* [WHAT TO PRODUCE]:
Every line below must come back exactly as it stands, with the images omitted.

* [PROVIDED DATA]:
-=-=-
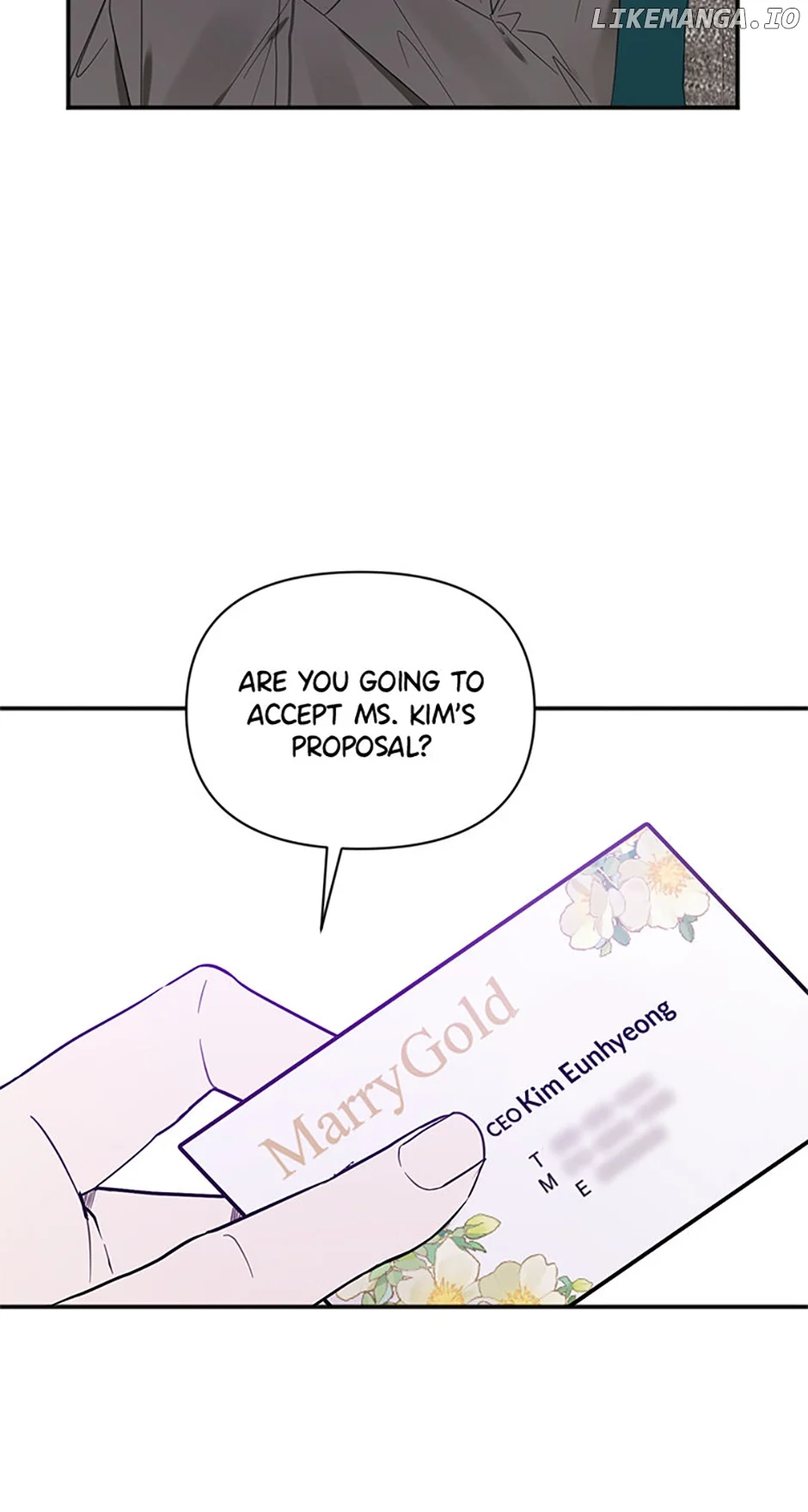 Ideal Match Delivery Service Chapter 44 page 20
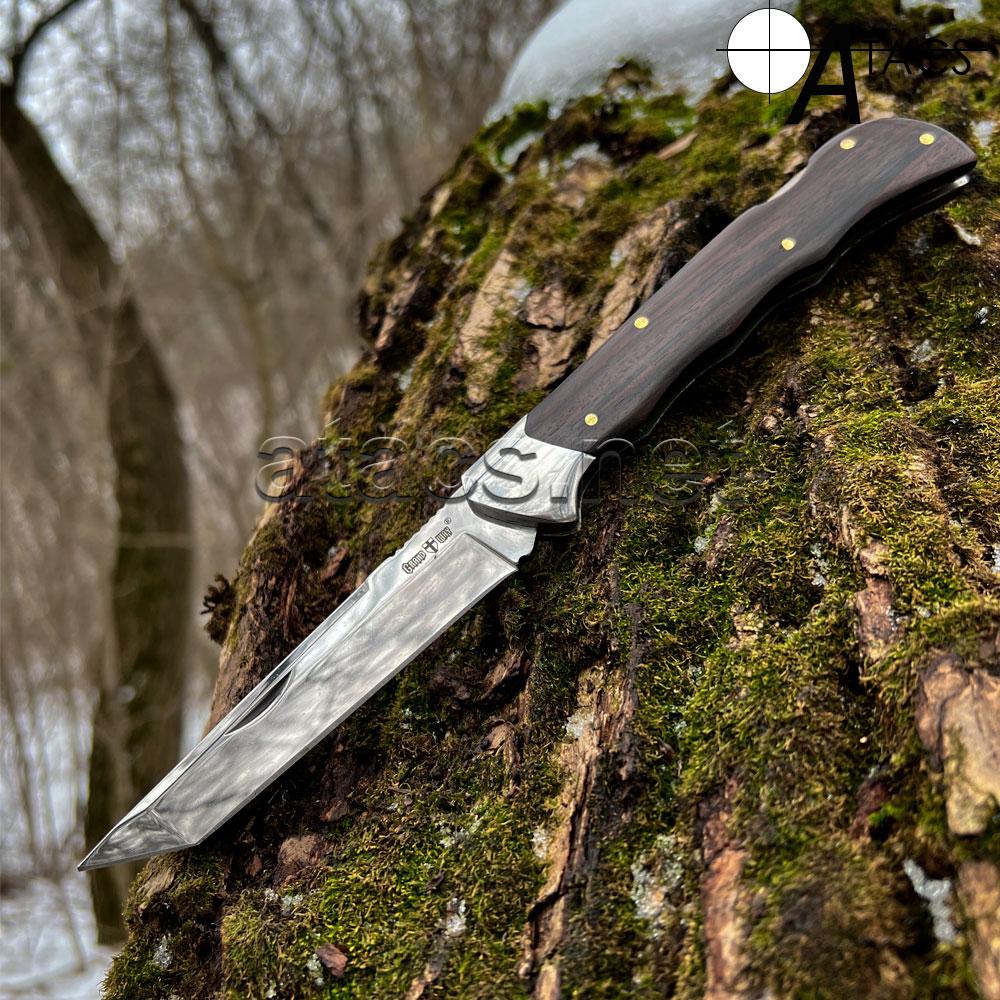 Ніж складний із клинком танто "Сакура"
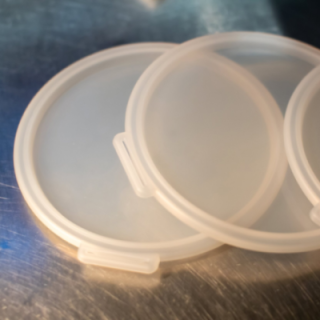 Miska fi.142mm POKRYWKA biała, Move Menu, WIELORAZOWE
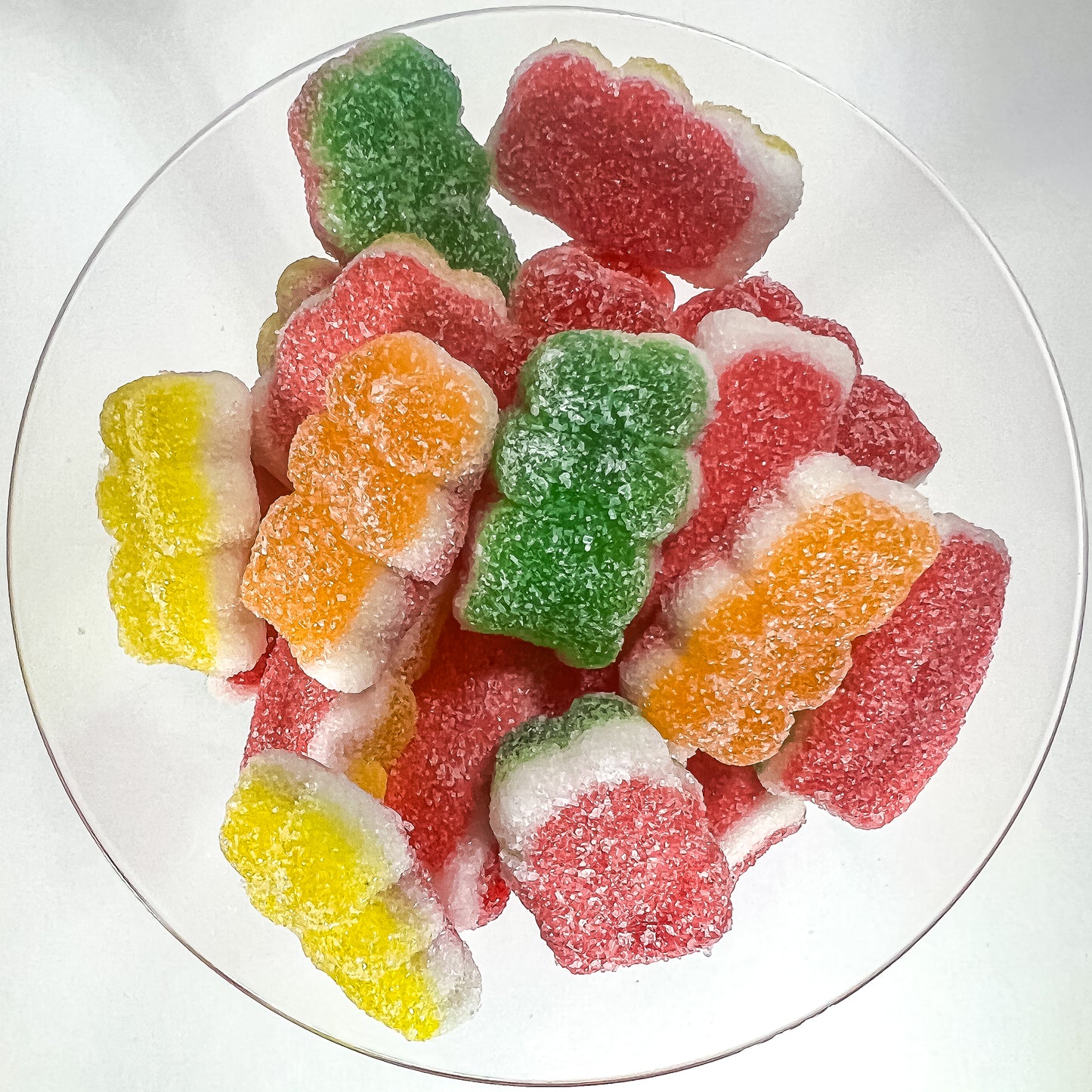 Burley Bears Triple Layer Gummies
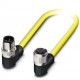 SAC-5P-MR/ 1,5-547/FR SCO BK 1424883 PHOENIX CONTACT Cable para sensores/actuadores, 5-polos, PVC, amarillo,..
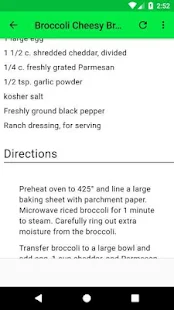 Healthy Recipes(圖4)-速報App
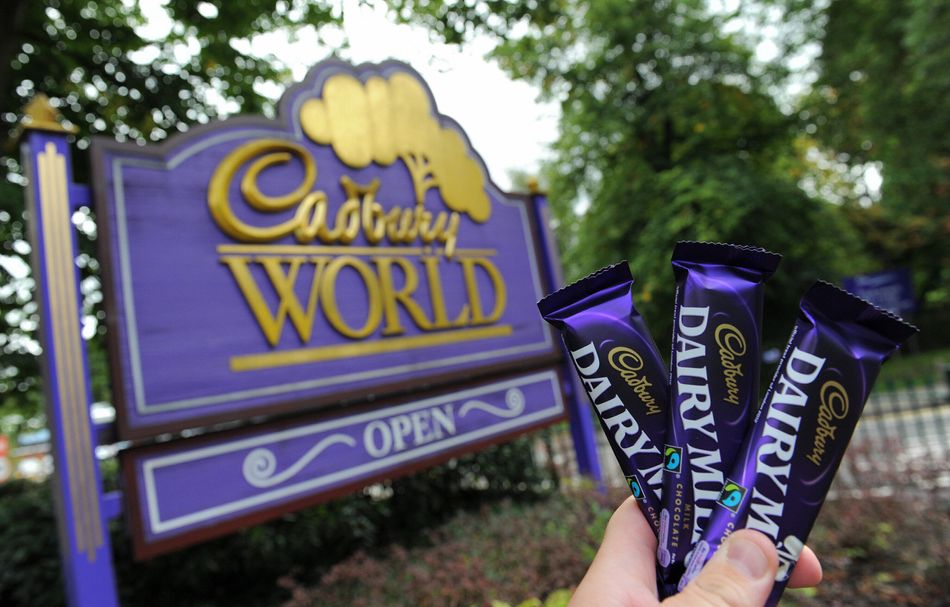 In 1824, John Cadbury began selling tea, coffee and drinking chocolate in Birmingham, England, and over time his business grew into the confectionary brand we know as Cadbury. Today, visitors to Birmingham can check out Cadbury World&nbsp;to learn about the history of the company, shop in the world's largest Cadbury store, sample Cadbury treats and participate in a variety of chocolate-themed activities.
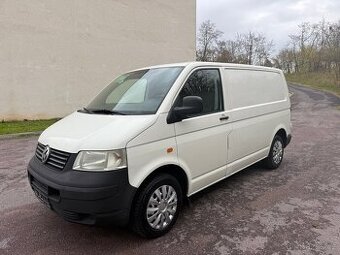 VW Transporter T5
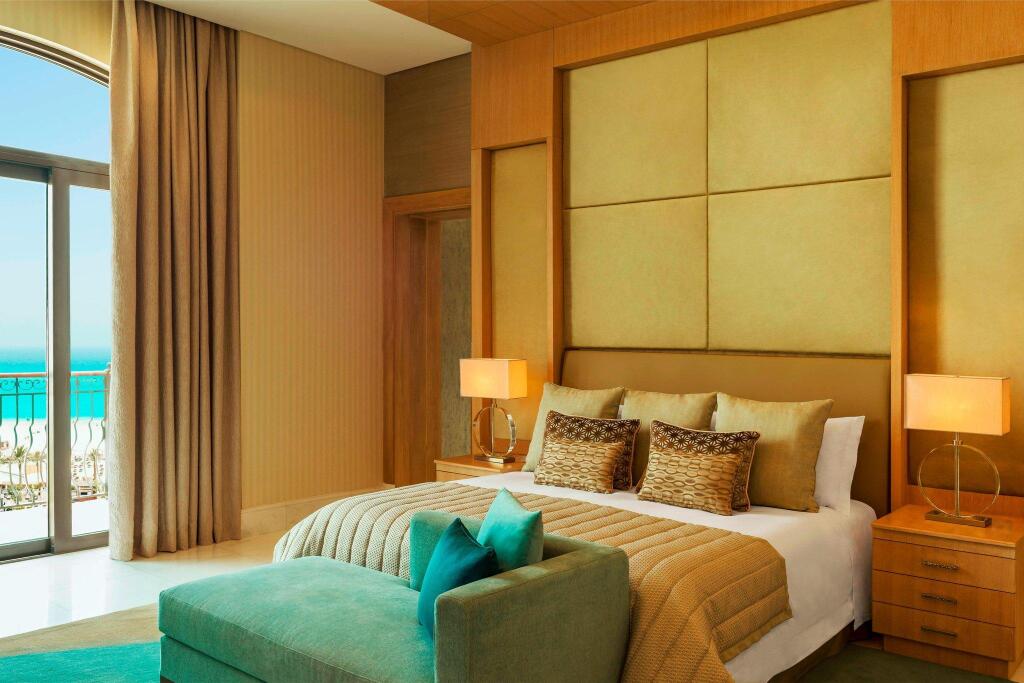 The St. Regis Saadiyat Island Resort, Abu Dhabi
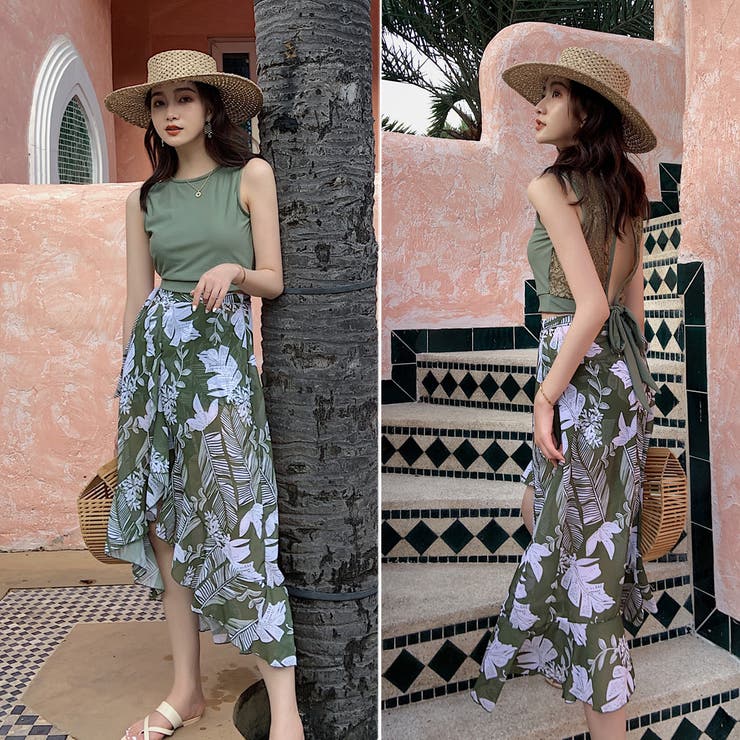 水着体型カバー セクシー 水着 | teddyshop | 詳細画像11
-=-=-
* [FINAL ANSWER]:
 Ideal Match Delivery Service Chapter 44 page 20
 Ніж складний із клинком танто "Сакура"
 Miska fi.142mm POKRYWKA biała, Move Menu, WIELORAZOWE
 Burley Bears Triple Layer Gummies
 SAC-5P-MR/ 1,5-547/FR SCO BK 1424883 PHOENIX CONTACT Cable para sensores/actuadores, 5-polos, PVC, amarillo,..
 Healthy Recipes(圖4)-速報App
 In 1824, John Cadbury began selling tea, coffee and drinking chocolate in Birmingham, England, and over time his business grew into the confectionary brand we know as Cadbury. Today, visitors to Birmingham can check out Cadbury World&nbsp;to learn about the history of the company, shop in the world's largest Cadbury store, sample Cadbury treats and participate in a variety of chocolate-themed activities.
 VW Transporter T5
 The St. Regis Saadiyat Island Resort, Abu Dhabi
 水着体型カバー セクシー 水着 | teddyshop | 詳細画像11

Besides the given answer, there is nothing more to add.